**Your objective:** Using the data below, set down every line from the one containing "Digestive Probiotic Soft" through the one containing "Study Uncovers Potential", inclusive and unchanged. Pictures are to be skipped.

**Source material:**
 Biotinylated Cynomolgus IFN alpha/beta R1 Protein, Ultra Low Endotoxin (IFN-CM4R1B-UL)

...

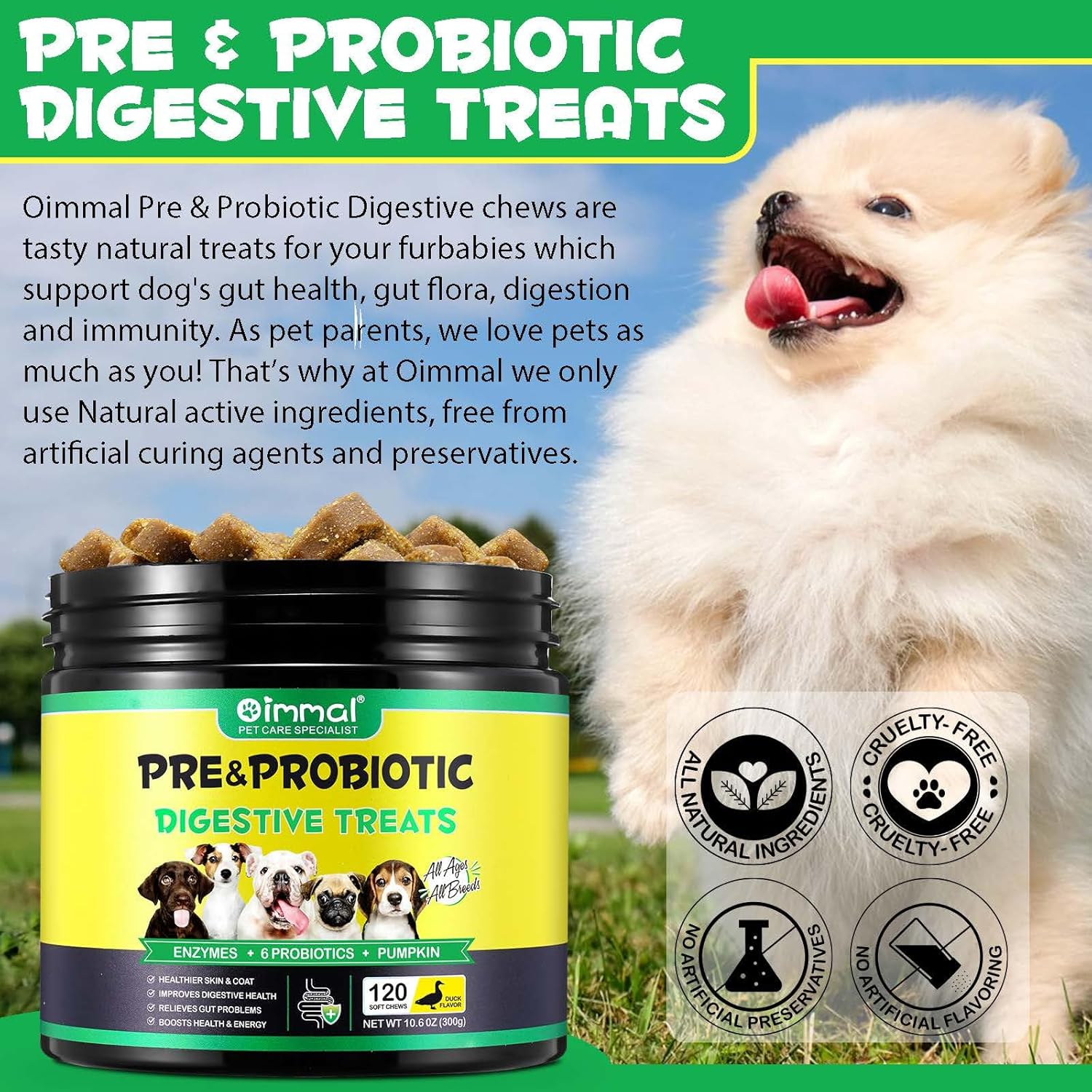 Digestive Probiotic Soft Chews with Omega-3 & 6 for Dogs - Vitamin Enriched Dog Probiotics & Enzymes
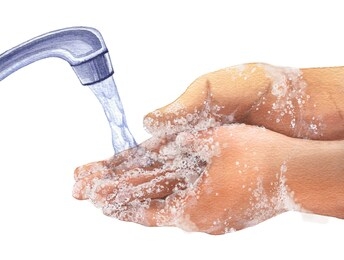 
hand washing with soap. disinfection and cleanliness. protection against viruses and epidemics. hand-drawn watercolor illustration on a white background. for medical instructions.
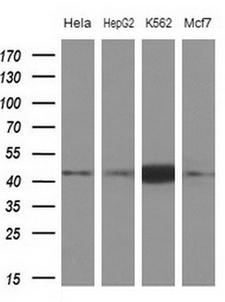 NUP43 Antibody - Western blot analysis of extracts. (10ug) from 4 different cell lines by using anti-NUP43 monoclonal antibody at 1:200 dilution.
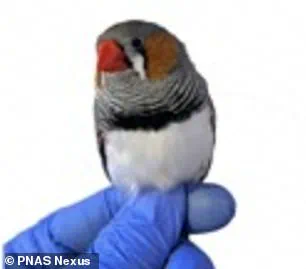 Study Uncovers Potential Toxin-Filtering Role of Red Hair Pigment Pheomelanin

**Your response:**
 Digestive Probiotic Soft Chews with Omega-3 & 6 for Dogs - Vitamin Enriched Dog Probiotics & Enzymes
hand washing with soap. disinfection and cleanliness. protection against viruses and epidemics. hand-drawn watercolor illustration on a white background. for medical instructions.
 NUP43 Antibody - Western blot analysis of extracts. (10ug) from 4 different cell lines by using anti-NUP43 monoclonal antibody at 1:200 dilution.
 Study Uncovers Potential Toxin-Filtering Role of Red Hair Pigment Pheomelanin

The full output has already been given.